REQUIRED ACTION - Pictures do not belong in your copy. Repeat all the other data exactly.

SUPPLIED DATA -
***
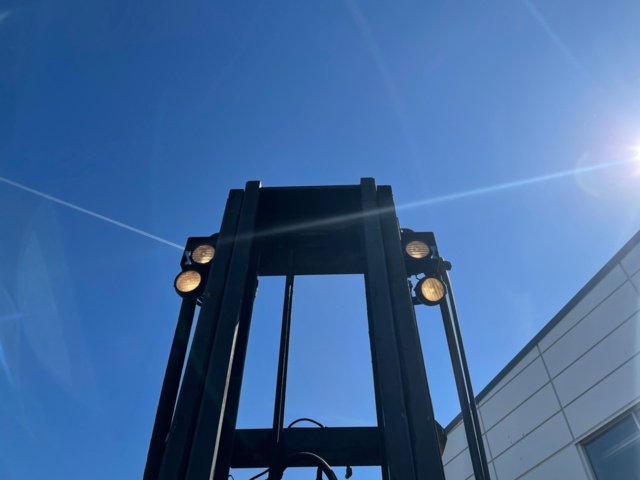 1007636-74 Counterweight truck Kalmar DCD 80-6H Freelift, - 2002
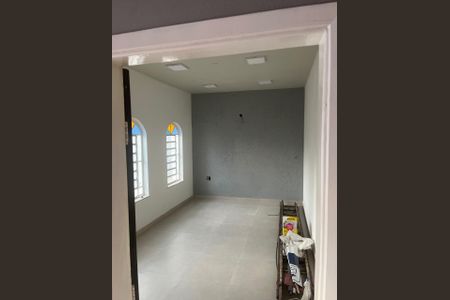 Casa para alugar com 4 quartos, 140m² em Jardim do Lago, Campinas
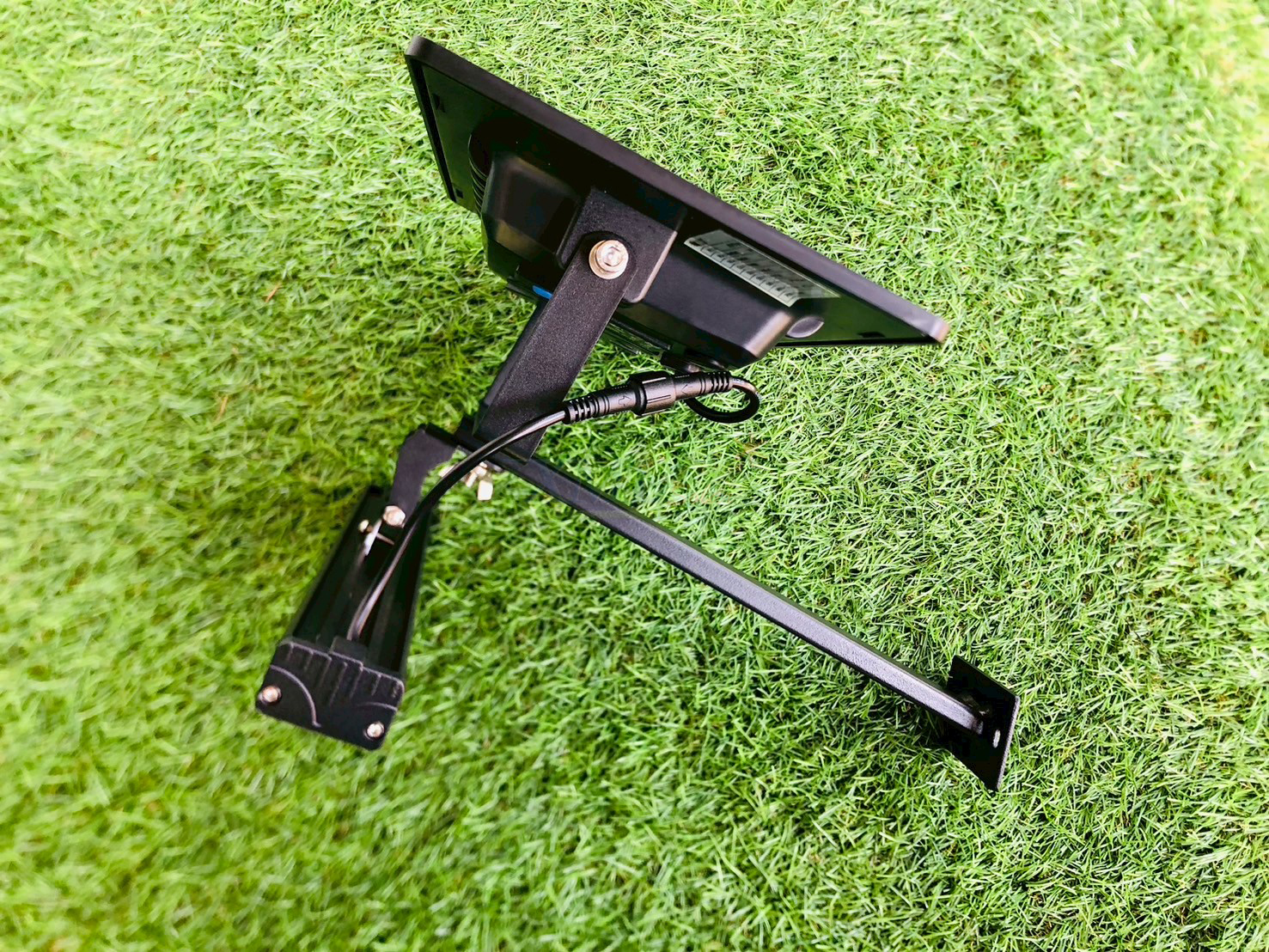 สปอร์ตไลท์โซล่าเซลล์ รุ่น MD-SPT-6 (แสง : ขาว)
***
OUTPUT BELOW -
 1007636-74 Counterweight truck Kalmar DCD 80-6H Freelift, - 2002
 Casa para alugar com 4 quartos, 140m² em Jardim do Lago, Campinas
 สปอร์ตไลท์โซล่าเซลล์ รุ่น MD-SPT-6 (แสง : ขาว)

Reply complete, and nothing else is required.